→ WHAT YOU NEED TO DO: Print every entry exactly once more, omitting each picture.

Data excerpts:

▬▬▬▬▬▬

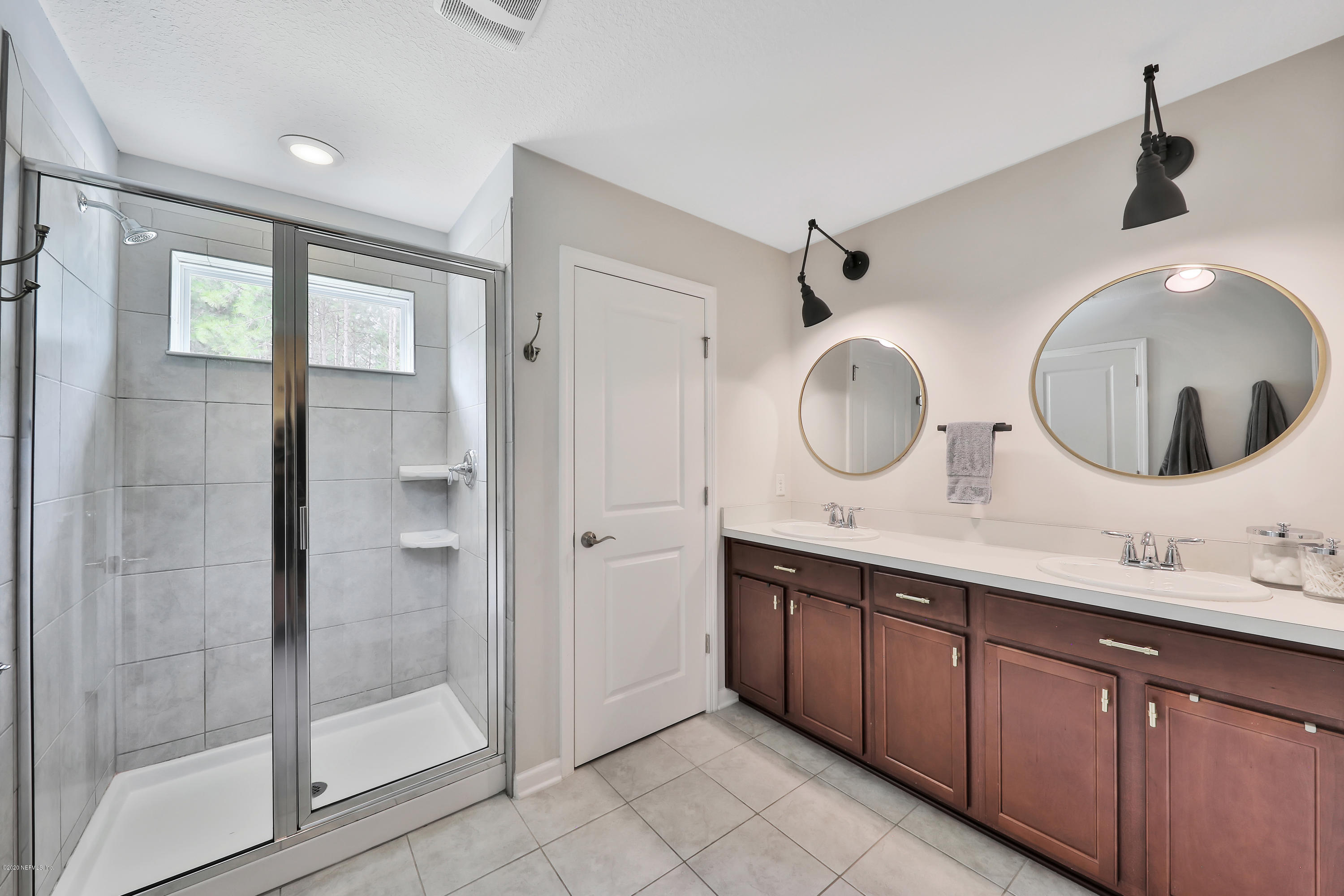31 Cloverbrook Road St. Johns, FL 32259 - Photo 13 of 43 Owner's Suite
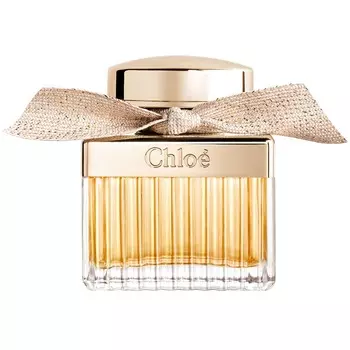 Chloe - Absolu de Parfum (10мл)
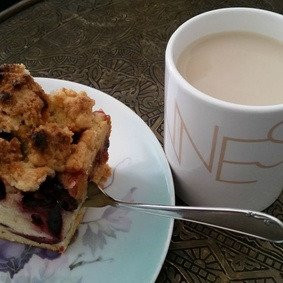 Scala Medien Café主图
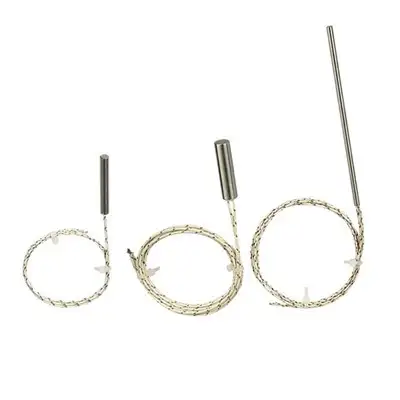 Cartridge Heater 5mm — gallery image 5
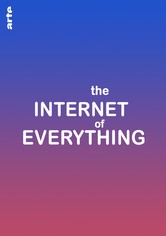 Internet de tout et n'importe quoi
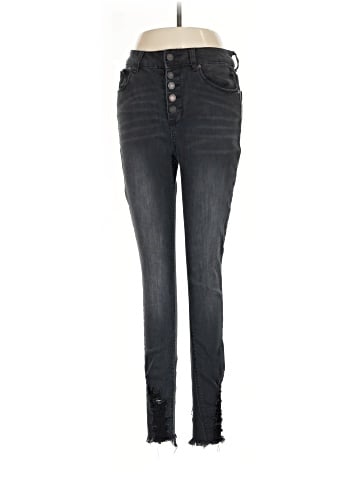 Indigo Rein Jeans (view 1)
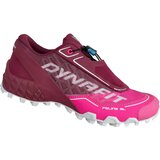 Dynafit ženske patike za trail trčanje FELINE SL W crvena 64054 Cene
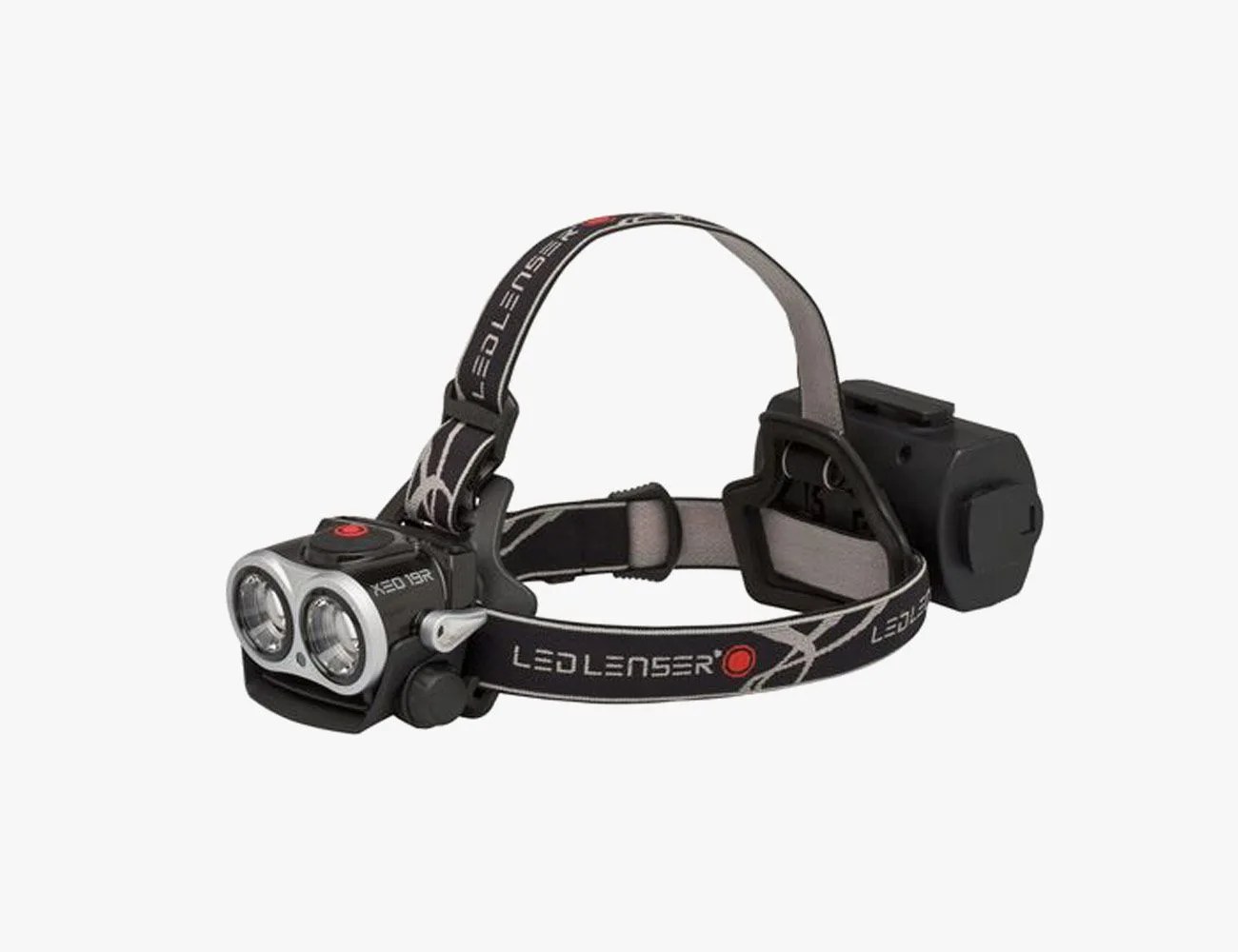 Apocalypse-Gear-Gear-Patrol-Headlamp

▬▬▬▬▬▬

→ RESULT OF THE TASK:
31 Cloverbrook Road St. Johns, FL 32259 - Photo 13 of 43 Owner's Suite
 Chloe - Absolu de Parfum (10мл)
 Scala Medien Café主图
 Cartridge Heater 5mm — gallery image 5
 Internet de tout et n'importe quoi
 Indigo Rein Jeans (view 1)
 Dynafit ženske patike za trail trčanje FELINE SL W crvena 64054 Cene
 Apocalypse-Gear-Gear-Patrol-Headlamp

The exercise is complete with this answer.